(Crawled caption data)
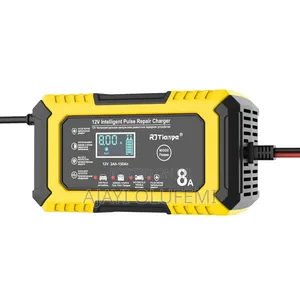 12v 8a Intelligent Car Battery Charger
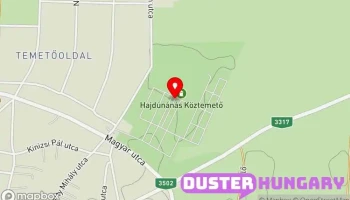 Hajdúnánási temető - Liliom U. 1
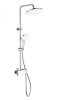 Душевая стойка Wonzon & Woghand Muse WW-B3110-CR настенная цвет хром с термостатом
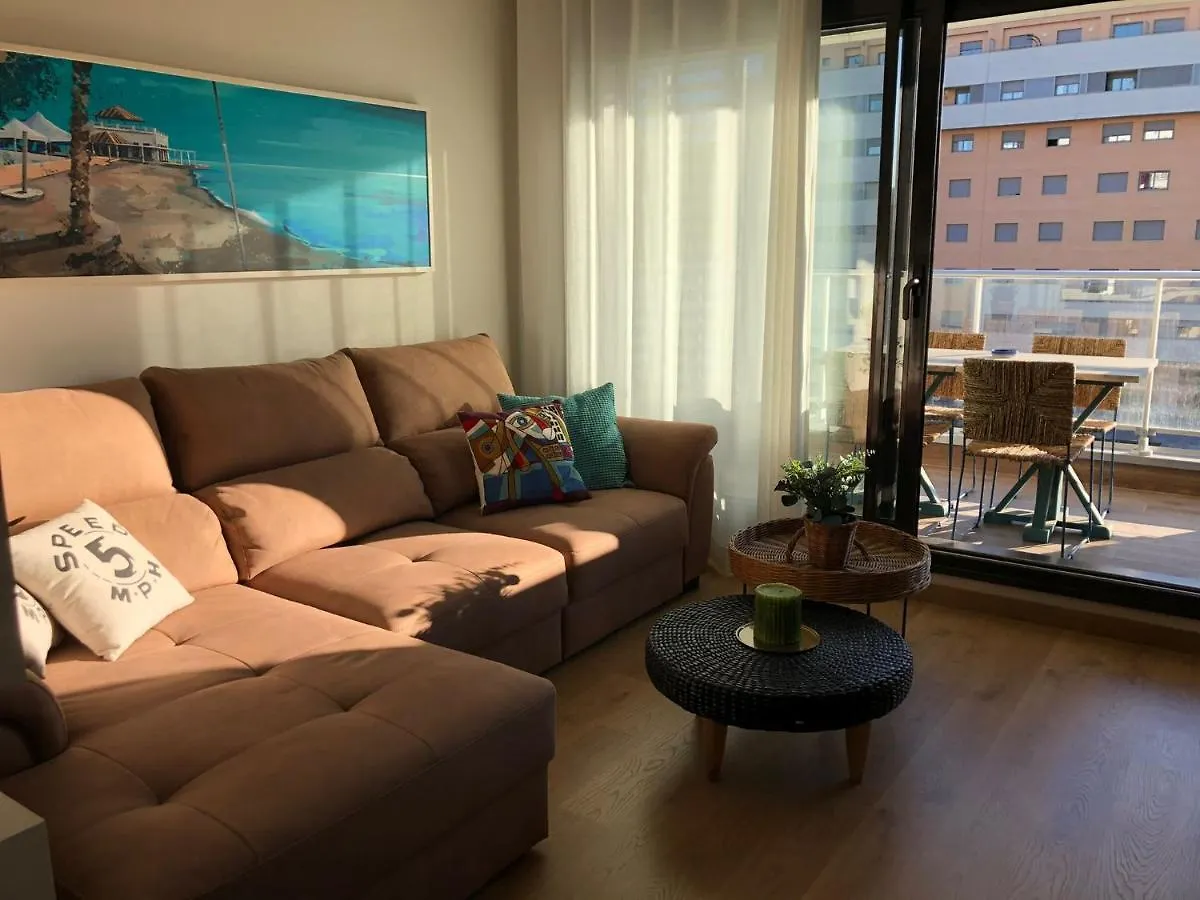 Telma-Playa Gran Terraza By Alohamalaga Apartment 0*, Malaga Spain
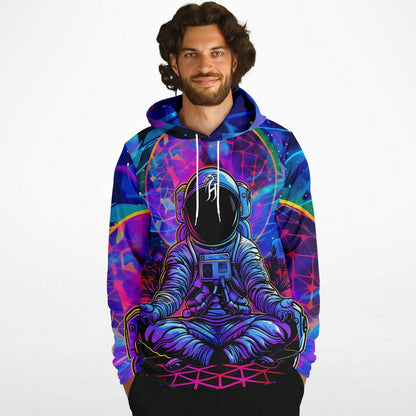 Hardflow Psychedelic Cosmonautis - Hoodie Hardflow 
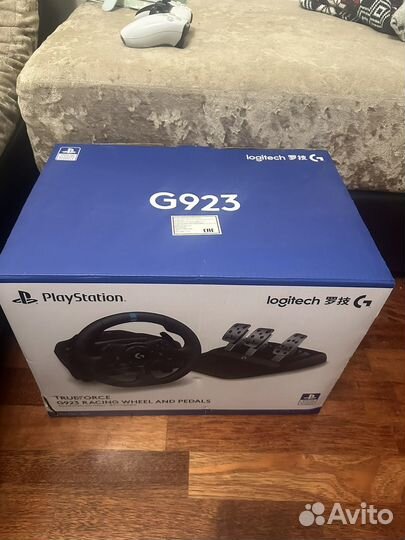 Игровой руль logitech g923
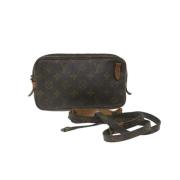 Louis Vuitton Vintage Pre-owned Canvas louis-vuitton-vskor Brown, Dam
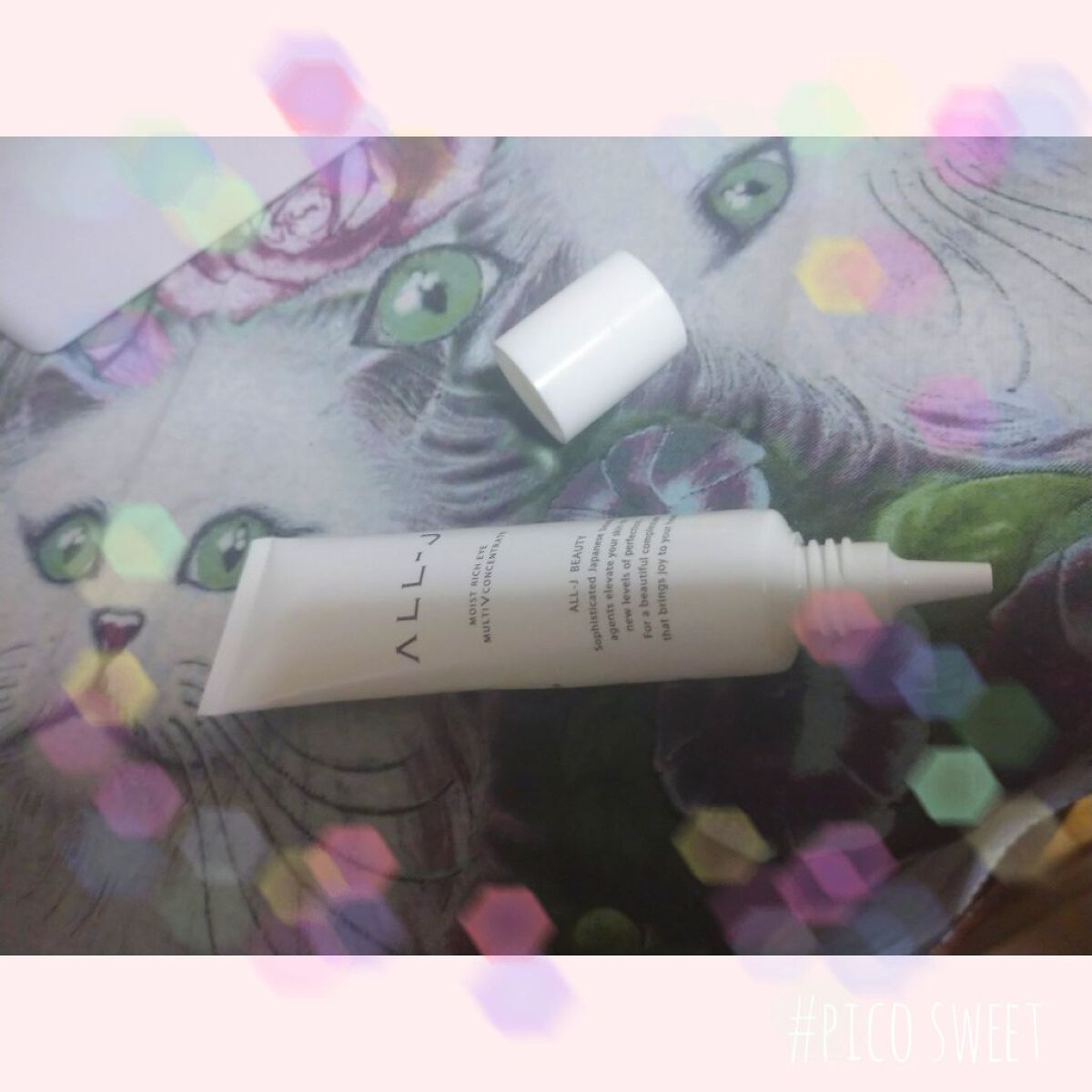 ALL-J モイストリッチアイ マルチVコンセントレイト/ALL-J/アイケア・アイクリームを使ったクチコミ（1枚目）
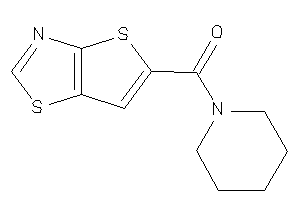 Piperidino(thieno[2,3-d]thiazol-5-yl)methanone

● PROBLEM TO SOLVE
Each line from the one holding "Louis Vuitton Vintage" down to the end of the records is to be reproduced unaltered, and the pictures are to be omitted.

● RESPONSE AREA
 Louis Vuitton Vintage Pre-owned Canvas louis-vuitton-vskor Brown, Dam
 ALL-J モイストリッチアイ マルチVコンセントレイト/ALL-J/アイケア・アイクリームを使ったクチコミ（1枚目）
 Piperidino(thieno[2,3-d]thiazol-5-yl)methanone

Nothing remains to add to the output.